PROMPT —
Copy each line of the listing below where the word "Clear" turns up.
*** DATASET CONTENT ***
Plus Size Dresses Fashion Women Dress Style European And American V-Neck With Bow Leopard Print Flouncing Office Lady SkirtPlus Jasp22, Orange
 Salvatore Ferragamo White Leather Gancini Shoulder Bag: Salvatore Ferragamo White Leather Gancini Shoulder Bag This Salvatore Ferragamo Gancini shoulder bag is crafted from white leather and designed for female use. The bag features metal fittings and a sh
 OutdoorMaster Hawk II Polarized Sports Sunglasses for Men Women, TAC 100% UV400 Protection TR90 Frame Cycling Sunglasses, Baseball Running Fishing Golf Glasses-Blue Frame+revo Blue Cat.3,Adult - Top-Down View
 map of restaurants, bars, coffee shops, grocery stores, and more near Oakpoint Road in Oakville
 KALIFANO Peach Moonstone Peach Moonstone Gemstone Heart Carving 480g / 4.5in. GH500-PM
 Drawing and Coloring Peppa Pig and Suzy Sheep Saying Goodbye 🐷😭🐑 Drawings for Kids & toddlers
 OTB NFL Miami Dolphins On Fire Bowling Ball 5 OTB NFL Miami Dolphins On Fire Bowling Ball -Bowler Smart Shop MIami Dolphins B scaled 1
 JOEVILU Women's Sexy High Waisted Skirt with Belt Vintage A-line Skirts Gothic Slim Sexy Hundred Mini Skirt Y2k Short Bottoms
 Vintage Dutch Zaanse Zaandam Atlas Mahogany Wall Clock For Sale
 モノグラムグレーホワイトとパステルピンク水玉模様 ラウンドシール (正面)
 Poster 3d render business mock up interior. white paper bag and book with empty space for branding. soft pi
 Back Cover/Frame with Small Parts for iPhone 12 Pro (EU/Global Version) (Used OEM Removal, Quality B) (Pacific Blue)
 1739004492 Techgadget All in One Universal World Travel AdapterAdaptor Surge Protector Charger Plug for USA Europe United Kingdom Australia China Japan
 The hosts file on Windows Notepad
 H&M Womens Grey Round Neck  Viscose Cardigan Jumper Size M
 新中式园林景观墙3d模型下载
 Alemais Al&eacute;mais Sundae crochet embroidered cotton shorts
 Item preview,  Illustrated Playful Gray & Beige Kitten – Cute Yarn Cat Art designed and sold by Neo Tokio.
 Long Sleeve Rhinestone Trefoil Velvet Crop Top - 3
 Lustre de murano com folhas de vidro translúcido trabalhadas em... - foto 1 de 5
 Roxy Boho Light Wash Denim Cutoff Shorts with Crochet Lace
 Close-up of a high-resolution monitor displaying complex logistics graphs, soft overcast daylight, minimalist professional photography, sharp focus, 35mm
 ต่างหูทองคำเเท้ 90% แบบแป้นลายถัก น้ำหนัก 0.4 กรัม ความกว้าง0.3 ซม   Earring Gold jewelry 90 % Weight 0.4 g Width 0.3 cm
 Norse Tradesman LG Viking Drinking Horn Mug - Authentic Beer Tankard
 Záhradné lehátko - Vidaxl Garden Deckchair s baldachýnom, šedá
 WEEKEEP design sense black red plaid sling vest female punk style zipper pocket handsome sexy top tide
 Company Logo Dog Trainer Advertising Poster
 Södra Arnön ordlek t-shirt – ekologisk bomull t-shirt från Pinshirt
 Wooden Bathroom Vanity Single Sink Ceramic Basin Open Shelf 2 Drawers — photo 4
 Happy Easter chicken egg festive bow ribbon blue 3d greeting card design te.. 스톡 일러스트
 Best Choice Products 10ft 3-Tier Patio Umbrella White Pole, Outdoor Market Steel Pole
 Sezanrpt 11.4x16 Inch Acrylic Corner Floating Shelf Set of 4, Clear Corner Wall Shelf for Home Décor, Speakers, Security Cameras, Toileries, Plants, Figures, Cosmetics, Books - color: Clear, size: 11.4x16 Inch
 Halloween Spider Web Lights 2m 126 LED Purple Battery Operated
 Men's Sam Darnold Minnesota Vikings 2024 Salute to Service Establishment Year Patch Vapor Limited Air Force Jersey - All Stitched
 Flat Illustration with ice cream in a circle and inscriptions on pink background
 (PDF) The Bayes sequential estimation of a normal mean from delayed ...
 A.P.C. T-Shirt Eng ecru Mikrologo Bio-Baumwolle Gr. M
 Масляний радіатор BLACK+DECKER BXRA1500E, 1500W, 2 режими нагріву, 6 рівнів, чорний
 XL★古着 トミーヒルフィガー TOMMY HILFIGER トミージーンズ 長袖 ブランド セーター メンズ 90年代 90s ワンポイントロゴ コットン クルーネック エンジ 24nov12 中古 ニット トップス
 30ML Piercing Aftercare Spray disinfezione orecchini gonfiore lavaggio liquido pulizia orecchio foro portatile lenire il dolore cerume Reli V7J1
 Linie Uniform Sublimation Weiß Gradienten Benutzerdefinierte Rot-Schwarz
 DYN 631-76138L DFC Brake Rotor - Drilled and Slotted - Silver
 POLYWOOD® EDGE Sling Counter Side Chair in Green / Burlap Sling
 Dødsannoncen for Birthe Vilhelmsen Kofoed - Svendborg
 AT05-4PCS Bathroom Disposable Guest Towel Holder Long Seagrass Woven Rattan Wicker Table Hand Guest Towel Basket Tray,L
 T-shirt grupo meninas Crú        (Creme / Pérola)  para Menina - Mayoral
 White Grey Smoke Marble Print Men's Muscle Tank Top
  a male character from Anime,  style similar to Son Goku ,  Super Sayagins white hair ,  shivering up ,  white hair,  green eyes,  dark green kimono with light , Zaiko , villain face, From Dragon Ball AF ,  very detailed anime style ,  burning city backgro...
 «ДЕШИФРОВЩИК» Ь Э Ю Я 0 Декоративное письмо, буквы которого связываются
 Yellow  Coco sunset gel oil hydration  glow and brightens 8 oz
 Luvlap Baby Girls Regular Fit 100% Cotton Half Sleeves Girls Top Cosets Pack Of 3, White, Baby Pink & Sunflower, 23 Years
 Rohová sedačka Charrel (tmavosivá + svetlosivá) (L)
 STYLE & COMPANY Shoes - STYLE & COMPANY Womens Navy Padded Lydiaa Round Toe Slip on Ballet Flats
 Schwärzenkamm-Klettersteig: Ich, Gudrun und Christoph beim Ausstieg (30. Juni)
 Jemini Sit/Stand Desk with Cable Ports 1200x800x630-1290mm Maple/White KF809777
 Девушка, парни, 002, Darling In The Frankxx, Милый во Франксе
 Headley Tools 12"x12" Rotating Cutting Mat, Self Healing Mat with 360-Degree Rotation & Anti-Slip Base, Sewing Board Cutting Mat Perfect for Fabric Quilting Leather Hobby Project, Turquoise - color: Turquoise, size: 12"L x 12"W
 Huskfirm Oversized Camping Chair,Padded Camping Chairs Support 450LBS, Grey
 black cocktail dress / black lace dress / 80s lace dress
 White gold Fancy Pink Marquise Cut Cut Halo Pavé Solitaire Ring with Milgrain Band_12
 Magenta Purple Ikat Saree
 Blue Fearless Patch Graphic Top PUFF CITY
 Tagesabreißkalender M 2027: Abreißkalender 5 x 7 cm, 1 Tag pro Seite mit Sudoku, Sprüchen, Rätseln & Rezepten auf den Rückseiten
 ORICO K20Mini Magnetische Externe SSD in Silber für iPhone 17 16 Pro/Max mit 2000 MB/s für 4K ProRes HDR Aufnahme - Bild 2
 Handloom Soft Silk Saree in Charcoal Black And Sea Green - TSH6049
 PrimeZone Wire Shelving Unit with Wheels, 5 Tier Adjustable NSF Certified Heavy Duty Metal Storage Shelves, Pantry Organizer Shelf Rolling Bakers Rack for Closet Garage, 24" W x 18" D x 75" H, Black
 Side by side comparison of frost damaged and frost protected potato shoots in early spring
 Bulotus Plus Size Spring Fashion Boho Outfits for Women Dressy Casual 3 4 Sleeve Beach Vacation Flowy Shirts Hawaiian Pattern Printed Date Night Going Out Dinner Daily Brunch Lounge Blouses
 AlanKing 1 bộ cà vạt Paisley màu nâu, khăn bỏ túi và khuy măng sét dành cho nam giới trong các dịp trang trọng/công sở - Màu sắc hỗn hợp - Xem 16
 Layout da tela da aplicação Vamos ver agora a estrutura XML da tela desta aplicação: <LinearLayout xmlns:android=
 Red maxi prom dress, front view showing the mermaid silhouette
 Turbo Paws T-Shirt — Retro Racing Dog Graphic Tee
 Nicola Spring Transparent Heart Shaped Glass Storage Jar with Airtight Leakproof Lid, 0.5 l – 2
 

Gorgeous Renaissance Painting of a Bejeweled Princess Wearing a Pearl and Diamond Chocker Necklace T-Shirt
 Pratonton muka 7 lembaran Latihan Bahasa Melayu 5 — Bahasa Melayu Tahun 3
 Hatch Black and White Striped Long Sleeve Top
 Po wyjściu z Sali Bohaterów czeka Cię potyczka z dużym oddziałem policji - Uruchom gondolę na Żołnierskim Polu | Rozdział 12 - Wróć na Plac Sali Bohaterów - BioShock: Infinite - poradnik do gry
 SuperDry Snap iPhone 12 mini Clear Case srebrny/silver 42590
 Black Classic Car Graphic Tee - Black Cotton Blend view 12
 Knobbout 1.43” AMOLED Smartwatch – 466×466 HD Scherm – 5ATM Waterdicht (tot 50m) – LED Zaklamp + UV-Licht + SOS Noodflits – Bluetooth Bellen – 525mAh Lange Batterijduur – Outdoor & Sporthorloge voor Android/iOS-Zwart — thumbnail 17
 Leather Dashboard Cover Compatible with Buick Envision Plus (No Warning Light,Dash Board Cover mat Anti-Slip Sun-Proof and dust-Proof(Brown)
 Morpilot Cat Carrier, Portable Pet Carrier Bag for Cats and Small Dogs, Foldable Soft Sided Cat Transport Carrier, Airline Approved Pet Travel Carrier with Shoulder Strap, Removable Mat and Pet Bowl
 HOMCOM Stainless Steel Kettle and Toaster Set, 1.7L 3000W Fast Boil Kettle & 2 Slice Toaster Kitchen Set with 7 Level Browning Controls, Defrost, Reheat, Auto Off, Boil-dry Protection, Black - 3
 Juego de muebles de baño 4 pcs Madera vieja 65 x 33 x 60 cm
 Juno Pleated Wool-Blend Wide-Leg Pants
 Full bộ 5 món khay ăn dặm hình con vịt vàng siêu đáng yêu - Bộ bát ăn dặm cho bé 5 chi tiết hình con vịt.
***
SOLUTION TO THE PROBLEM —
 Sezanrpt 11.4x16 Inch Acrylic Corner Floating Shelf Set of 4, Clear Corner Wall Shelf for Home Décor, Speakers, Security Cameras, Toileries, Plants, Figures, Cosmetics, Books - color: Clear, size: 11.4x16 Inch
 SuperDry Snap iPhone 12 mini Clear Case srebrny/silver 42590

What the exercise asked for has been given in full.